First we have the Tech hubs, incubators, accelerators and venture capital funds , or combinations of all of them seeking to produce the next big innovators. Many hold competitions to attract those with great ideas in technology innovations, social enterprise, financial inclusion, agriculture and the best possible local and international ideas. This support sector has also seen the rise of  compepreneurs!  (entrepreneurs who jump from one competition to another and the prize money is enough to live off even without a viable business model ). The dust is beginning to settle with easy funding for such initiatives running out and people have begun asking hard questions as to which model of  building entrepreneurs truly develops great entreprises. Oh, we even have an oil company and a beverage company  running entrepreneurship competitions. It has become that popular.It’s getting harder and harder to find a corporate company that does not have a program targeted at supporting entrepreneurs . Even if it is just to fit in with the corporate crowd.

The rich have also thrown their weight behind entrepreneurs with noble intentions of recreating themselves, or at least making it easier for those coming after them not to suffer like they did. The Chandaria centres in the United States International University(USIU) and Kenyatta University hope to spur entrepreneurs to success largely through education and incubation. The Tony Elumely foundation is also running an Africa-wide competition to support small enterprises.

And then we have Banks! Can you believe it ? Banks love entrepreneurs! KCB has set aside a Ksh 50 billion 2jiajiri fund ,its small brother Chase bank Kenya before the grand scandal had announced a Ksh 60 Billion fund for SMEs (enough  money to fund 12 counties )  ,Equity bank  was given even more , USD 450 Million by OPIC   . All these were announced during the global entrepreneurship summit held in Kenya in 2015. Barclays Bank followed suit with a Ksh 30 billion fund for SMEs. K – Rep rebranded to Sidian Bank  and positioned themselves to serve entrepreneurs.  No bank is being left out of the wave and each has a product now targeted at SMEs and an SME division. However, many are struggling to structure effective programs that will help them deal successfully with entrepreneurs. And that’s because entrepreneurs are not an easy group to understand.They are visionary, but they can also be very erratic.  Value adds to entrepreneurs from the banks are questionable and that’s because its easy after all for banks to make money from entrepreneurs through loan defaults and late penalties  or unfavourably high-interestt rates. Entrepreneurs are always desperately looking for money and will take it , however expensive it is without looking at the fine print, after all they have an empire to build!Why sweat a few percentage points on your loan? Other financial players like the Mastercard foundation are also funding a program for entrepreneurs .

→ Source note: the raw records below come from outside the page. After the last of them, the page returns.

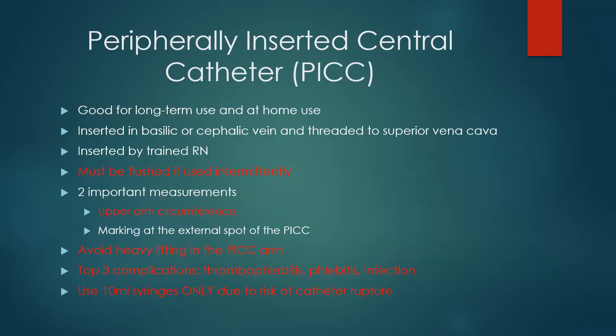My favorite is the PICC line — a peripherally inserted central catheter. It's good for long-term and at-home use, typically inserted into the basilic or cephalic vein and threaded to the superior vena cava. We do not want to go into the atrium. It's inserted by a trained RN. It has to be flushed between uses — so if I'm using a PICC line for an antibiotic every eight hours, as soon as that antibiotic is done I should be flushing that catheter immediately. I'd put a timer on my watch so I knew exactly when to be back in that room.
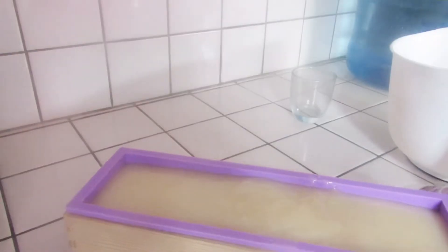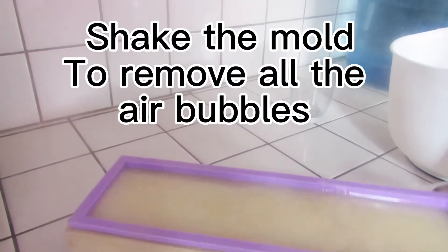We're now ready for pouring. Shape them up to remove all the air bubbles and for the soap to settle well and look good on top.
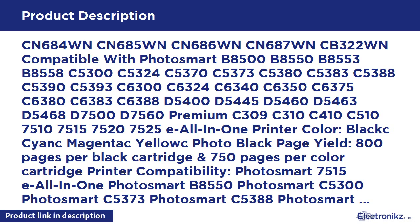Also compatible with C6300, C6324, C6340, C6350, C6370, C6380; D5400, D5445, D5460, D5463, D5468, D7500, D7560; and Premium C309, C310, C410, C510, 7510, 7515, 7520, 7525.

Even Universities have joined the fray and now everyone is teaching entrepreneurship(Is entrepreneurship inborn or are entrepreneurs made? I can hear a professor say) . Some are doing it well, others simply have it in their curriculum because there is demand for the course. Programs like the Goldman Sachs 10,000 women at USIU stand out. Research shows that funding women entrepreneurs creates better outcomes for economies than funding men .

And To crown it all , Uncle Sam came to put the cherry on the cake, and he came with a big cheque, and friends with equally big cheques (after all who goes to shags and doesnt carry lots of gifts from the city when he comes with his friends?) . The US president  Barrack Obama launched a USD 1 Billion fund targeted at entrepreneurs globally. Thats a lot of money, I wonder how its being spent.  He also stressed that  AGOA is still ongoing and he opened a centre to train young leaders and entrepreneurs.